Phil shrugs, cries afresh.

‘Would you like me to look after him for a day? A whole day?’

Phil sniffs, pulls himself together. ‘I’ll be fine,’ he says.

And I wish I believed him.

Chapter 9

I’m having what the French call
jamais vu
. The opposite of the
déjà
variety.

It’s a sense of unfamiliarity around a situation you know you have experienced before. And it’s weird.

Ivy is asleep with her head in my lap. The chicken caesar dishes are in the sink. There’s a romantic comedy on the TV. The difference, I suppose, is that this is now my home.
Our
home.

I found tenants for my Brixton flat two days after I advertised for them. They moved in the following weekend. And just like that you are no longer a bachelor living in a bachelor flat in
Brixton. You are a father-to-be, living in a slightly feminine flat in Wimbledon Village.

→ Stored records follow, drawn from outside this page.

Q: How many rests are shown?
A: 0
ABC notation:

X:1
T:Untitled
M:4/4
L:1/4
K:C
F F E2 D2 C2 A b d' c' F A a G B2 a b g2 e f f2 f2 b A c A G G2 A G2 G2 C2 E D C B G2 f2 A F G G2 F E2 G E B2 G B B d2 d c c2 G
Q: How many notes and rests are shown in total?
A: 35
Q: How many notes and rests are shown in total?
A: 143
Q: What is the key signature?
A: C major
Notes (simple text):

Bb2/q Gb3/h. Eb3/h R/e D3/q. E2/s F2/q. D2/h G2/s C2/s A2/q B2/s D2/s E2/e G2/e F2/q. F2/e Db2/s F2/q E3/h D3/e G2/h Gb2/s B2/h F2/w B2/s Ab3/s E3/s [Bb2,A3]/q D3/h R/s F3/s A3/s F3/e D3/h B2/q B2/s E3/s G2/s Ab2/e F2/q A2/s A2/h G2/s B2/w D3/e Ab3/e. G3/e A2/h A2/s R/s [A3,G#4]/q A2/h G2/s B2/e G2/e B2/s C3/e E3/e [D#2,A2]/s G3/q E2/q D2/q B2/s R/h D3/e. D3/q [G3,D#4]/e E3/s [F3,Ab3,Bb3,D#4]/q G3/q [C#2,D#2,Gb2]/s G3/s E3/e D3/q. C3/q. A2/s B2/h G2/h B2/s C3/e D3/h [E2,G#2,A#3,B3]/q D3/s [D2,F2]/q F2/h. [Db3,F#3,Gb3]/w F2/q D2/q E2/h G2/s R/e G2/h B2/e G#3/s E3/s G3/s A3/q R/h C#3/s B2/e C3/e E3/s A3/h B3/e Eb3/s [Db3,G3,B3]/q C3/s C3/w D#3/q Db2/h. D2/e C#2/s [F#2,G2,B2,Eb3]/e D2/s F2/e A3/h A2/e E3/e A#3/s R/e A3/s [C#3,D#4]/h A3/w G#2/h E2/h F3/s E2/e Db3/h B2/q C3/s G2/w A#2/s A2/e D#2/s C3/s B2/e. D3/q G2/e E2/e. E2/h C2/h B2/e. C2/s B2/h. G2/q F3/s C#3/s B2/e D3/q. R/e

I run on a common now, instead of in a park; I buy my groceries in a Waitrose rather than a Sainsbury’s; the sweet 63-year-old lady downstairs has been replaced with a surly 14-year-old
git. Instead of a James Bond poster in my bedroom, there is a Frida Kahlo print in the bathroom.

Everything has changed, but nothing really has.

Esther and Nino helped with the move. Well, Nino helped with the move; Esther sat on the sofa drinking tea with Ivy. And when we’d finished, Nino cooked pizza and we ate dinner together.
Ivy, very obviously, wasn’t drinking. Esther made a comment about Wimbledon being a lovely area to raise children, but instead of acknowledging the comment I asked about her own children.
Esther told the story of giving birth to her first son in her own bed (‘destroyed the mattress’) in the flat she still lives in forty years later. She cried and told Ivy to look after
me for her, Ivy cried, I came close. And thank God for Nino’s silent stoicism. Esther continued to get good and drunk, thanked Nino endlessly for living in a foreign country so she
didn’t have to. ‘Your turn now,’ he told her, and then Esther cried again at the thought of leaving London and all its memories behind.

In tonight’s movie the love-struck couple embark on a two-minute montage of perfect dates: lobster, Ferris wheel, opera, cinema, jet skis. All the things Ivy and I haven’t done.
Instead of cartwheeling across a beach at sunset, we’ve leapfrogged the romance and gone straight to starting a family and passing out in front of the telly.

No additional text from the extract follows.